* _RECORDS FOR THE TASK_

>>>>

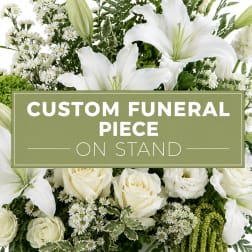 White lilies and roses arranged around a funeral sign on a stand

<<<<
>>>>

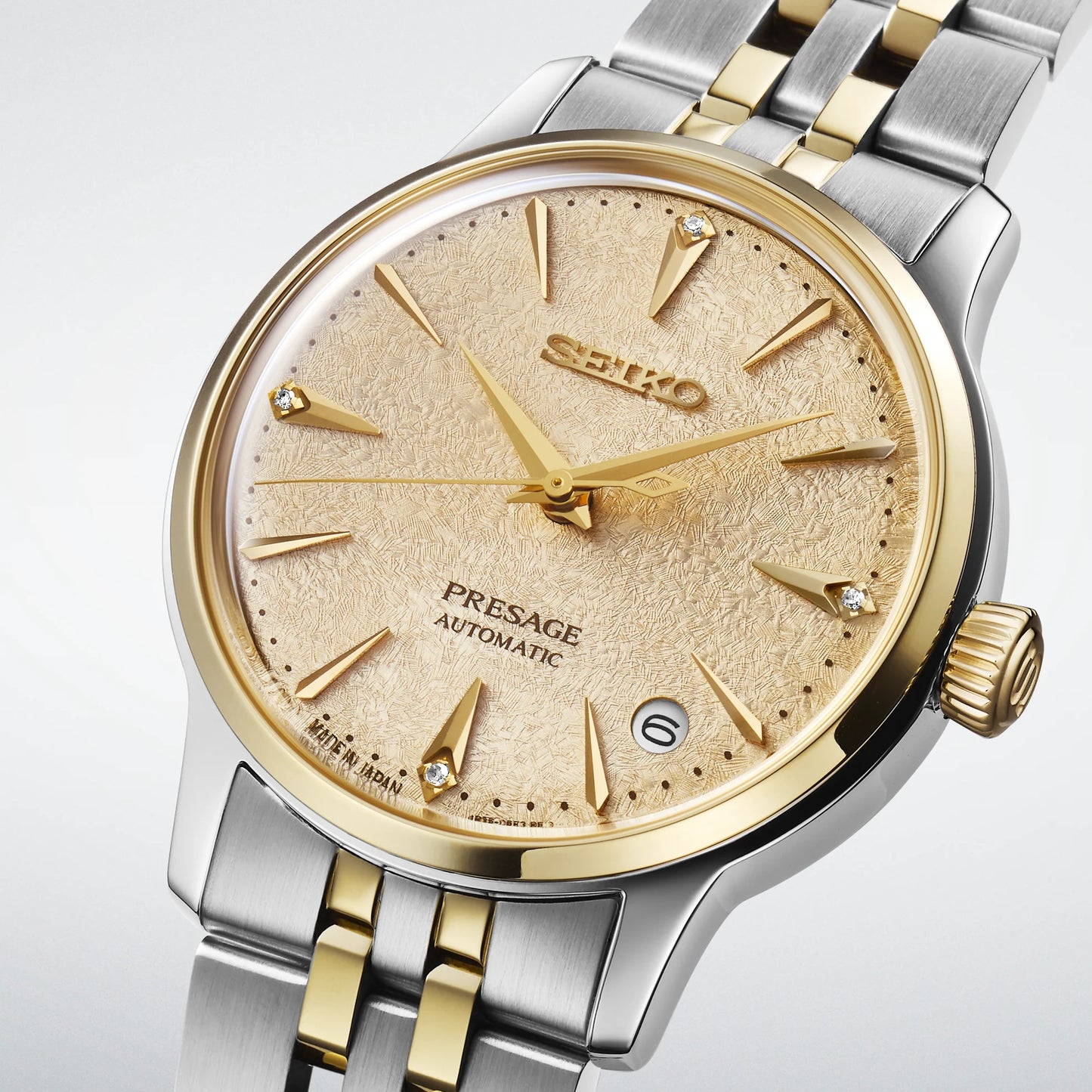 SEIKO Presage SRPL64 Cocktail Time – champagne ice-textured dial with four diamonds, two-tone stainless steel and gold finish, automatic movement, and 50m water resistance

<<<<
>>>>

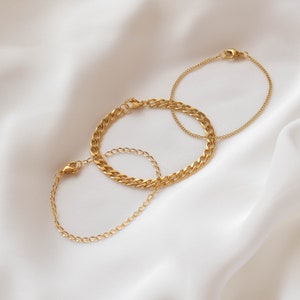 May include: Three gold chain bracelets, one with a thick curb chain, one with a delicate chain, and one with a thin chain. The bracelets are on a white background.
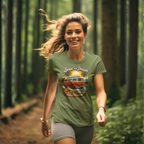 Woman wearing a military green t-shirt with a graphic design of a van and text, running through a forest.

<<<<

* _WHAT IS BEING ASKED_
Repeat exactly the lines above, beginning at the one containing "May include: Three" and ending at the one containing "Woman wearing a". Do not carry over any pictures.

* _SOLUTION TO THIS TASK_
 May include: Three gold chain bracelets, one with a thick curb chain, one with a delicate chain, and one with a thin chain. The bracelets are on a white background.
 Woman wearing a military green t-shirt with a graphic design of a van and text, running through a forest.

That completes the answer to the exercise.